Twój e-PIT od 15 lutego umożliwia sprawdzenie rozliczeń podatkowych. Wielu podatników nie wie, czy czeka ich zwrot podatku, czy dopłata. Jeszcze trudniej odpowiedzieć na pytanie: Dlaczego jedni mogą liczyć na pieniądze, gdy inni muszą je oddawać.
PIT 2022 to z pewnością jeden z bardziej skomplikowanych dokumentów przez podwójną rewolucję podatkową, którą zafundował nam rząd. W styczniu w życie wszedł bowiem Polski Ład. A ponieważ - wbrew zapewnieniom władz - w wielu przypadkach doprowadził do spadku wynagrodzenia "na rękę" Ministerstwo Finansów dokonało korekty. Od 1 lipca obowiązują więc nowe przepisy. I za tę zmianę część podatników teraz płaci.

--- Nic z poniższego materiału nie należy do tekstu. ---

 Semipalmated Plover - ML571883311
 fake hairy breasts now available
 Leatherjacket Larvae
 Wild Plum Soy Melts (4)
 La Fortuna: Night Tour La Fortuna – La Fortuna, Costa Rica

Piotr Juszczyk, Główny Doradca Podatkowy w firmie inFakt w rozmowie z Gazeta.pl na pytanie o to, kto dostanie zwrot podatku, a kto będzie musiał odprowadzać, odpowiada w wyczerpującym wywodzie. Okoliczności, które musimy wziąć pod uwagę, jest bowiem wyjątkowo dużo.

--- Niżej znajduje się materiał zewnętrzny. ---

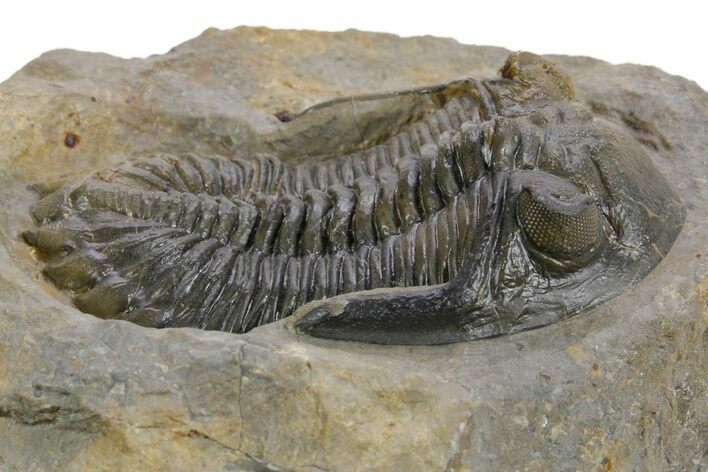 Detailed Hollardops Trilobite Fossil - Multi-Toned Preservation #359497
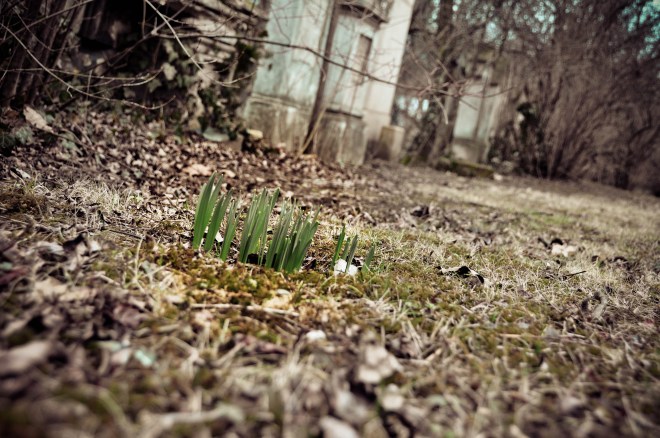 blog_friedhofstmarx_16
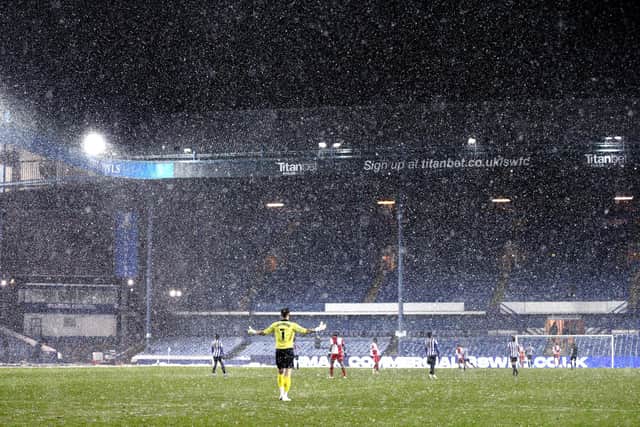 Sheffield Wednesday's pitch is being worked on by the club's ground staff. (Photo by Alex Pantling/Getty Images)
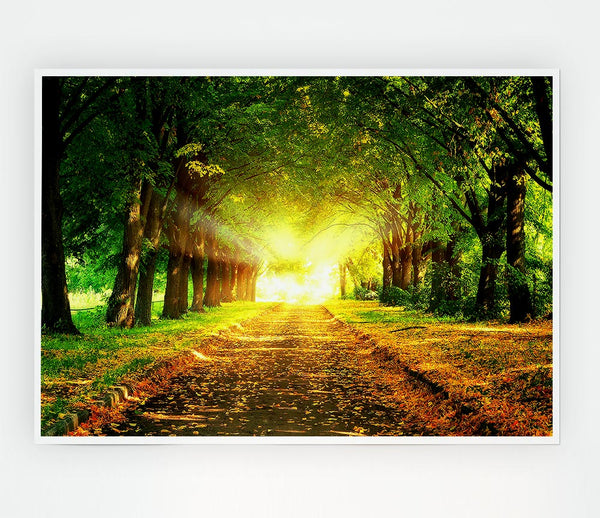 Autumn Path Print Poster Wall Art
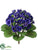 African Violet Bush - Purple - Pack of 12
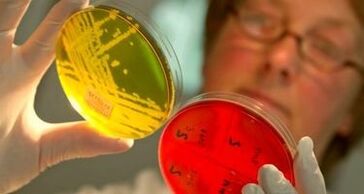 diagnosticul paraziților în organism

Zwrot podatku czy niedopłata? To uzależnione jest od wielu czynników. Od tego, w jaki sposób rolowany był nasz podatek, czy stosowaliśmy ulgę dla klasy średniej, a także czy stosowaliśmy kwotę wolną od podatku
- mówi.
Na całe szczęście, dopłat jest mniej niż zwrotów. Niemniej to potwierdza, że dokonywanie zmian w podatkach w trakcie roku nie jest dobrym rozwiązaniem.
- dodaje.
Rozbierzmy zatem kwestie podatkowe na elementy. Wielu podatników zastanawiało się, jakie konsekwencje przyniesie ulga dla klasy średniej. W sieci pojawiały się pytania: Stosować ulgę dla klasy średniej, czy prosić pracodawcę, by jej nie stosował. Co się okazało?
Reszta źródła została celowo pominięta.